**Instructions for the task**: Find every line in the records below that contains "after", and copy it.

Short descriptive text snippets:
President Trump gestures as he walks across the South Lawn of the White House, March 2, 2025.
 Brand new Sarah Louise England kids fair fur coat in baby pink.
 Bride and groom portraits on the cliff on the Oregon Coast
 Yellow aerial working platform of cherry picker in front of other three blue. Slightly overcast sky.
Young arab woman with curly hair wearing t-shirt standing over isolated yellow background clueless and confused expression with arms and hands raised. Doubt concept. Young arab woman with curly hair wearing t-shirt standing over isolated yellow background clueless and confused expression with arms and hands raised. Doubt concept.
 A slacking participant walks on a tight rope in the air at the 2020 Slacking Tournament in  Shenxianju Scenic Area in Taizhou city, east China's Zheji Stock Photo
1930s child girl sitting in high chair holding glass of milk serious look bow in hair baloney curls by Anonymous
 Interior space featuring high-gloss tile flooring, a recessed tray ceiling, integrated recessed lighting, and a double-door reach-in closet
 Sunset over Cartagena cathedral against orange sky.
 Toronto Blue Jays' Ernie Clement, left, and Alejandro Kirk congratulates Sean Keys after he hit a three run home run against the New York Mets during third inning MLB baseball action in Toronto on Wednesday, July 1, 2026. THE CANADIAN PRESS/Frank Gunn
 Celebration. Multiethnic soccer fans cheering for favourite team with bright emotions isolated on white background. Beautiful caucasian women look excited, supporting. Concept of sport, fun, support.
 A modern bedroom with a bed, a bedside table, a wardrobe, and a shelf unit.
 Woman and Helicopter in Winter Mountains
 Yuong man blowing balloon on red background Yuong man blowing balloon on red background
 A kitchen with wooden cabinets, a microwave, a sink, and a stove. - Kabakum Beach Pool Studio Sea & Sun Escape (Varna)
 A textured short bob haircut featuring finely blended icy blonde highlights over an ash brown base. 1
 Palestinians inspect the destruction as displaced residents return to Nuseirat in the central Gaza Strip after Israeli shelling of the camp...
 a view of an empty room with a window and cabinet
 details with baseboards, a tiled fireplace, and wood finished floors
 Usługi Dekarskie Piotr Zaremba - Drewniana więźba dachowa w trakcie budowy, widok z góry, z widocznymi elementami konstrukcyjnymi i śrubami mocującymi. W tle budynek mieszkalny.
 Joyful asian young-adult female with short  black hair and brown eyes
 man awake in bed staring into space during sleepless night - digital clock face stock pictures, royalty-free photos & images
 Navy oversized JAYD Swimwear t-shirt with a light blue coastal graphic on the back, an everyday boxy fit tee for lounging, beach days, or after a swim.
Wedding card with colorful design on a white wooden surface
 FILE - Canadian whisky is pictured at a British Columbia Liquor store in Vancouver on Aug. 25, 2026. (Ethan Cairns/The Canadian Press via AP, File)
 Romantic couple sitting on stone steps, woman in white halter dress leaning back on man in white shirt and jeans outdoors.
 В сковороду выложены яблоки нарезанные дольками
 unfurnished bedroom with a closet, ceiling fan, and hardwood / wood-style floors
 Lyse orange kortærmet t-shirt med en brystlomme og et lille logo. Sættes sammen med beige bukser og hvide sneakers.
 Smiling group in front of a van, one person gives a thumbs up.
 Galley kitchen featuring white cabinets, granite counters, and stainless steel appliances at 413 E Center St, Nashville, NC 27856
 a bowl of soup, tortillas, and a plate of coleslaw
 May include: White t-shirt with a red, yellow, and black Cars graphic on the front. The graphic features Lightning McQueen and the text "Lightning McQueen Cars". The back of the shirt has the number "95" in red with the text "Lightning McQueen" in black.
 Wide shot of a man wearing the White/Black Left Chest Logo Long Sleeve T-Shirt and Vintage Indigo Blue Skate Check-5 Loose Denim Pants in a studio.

**Your response**:
 Toronto Blue Jays' Ernie Clement, left, and Alejandro Kirk congratulates Sean Keys after he hit a three run home run against the New York Mets during third inning MLB baseball action in Toronto on Wednesday, July 1, 2026. THE CANADIAN PRESS/Frank Gunn
 Palestinians inspect the destruction as displaced residents return to Nuseirat in the central Gaza Strip after Israeli shelling of the camp...
 Navy oversized JAYD Swimwear t-shirt with a light blue coastal graphic on the back, an everyday boxy fit tee for lounging, beach days, or after a swim.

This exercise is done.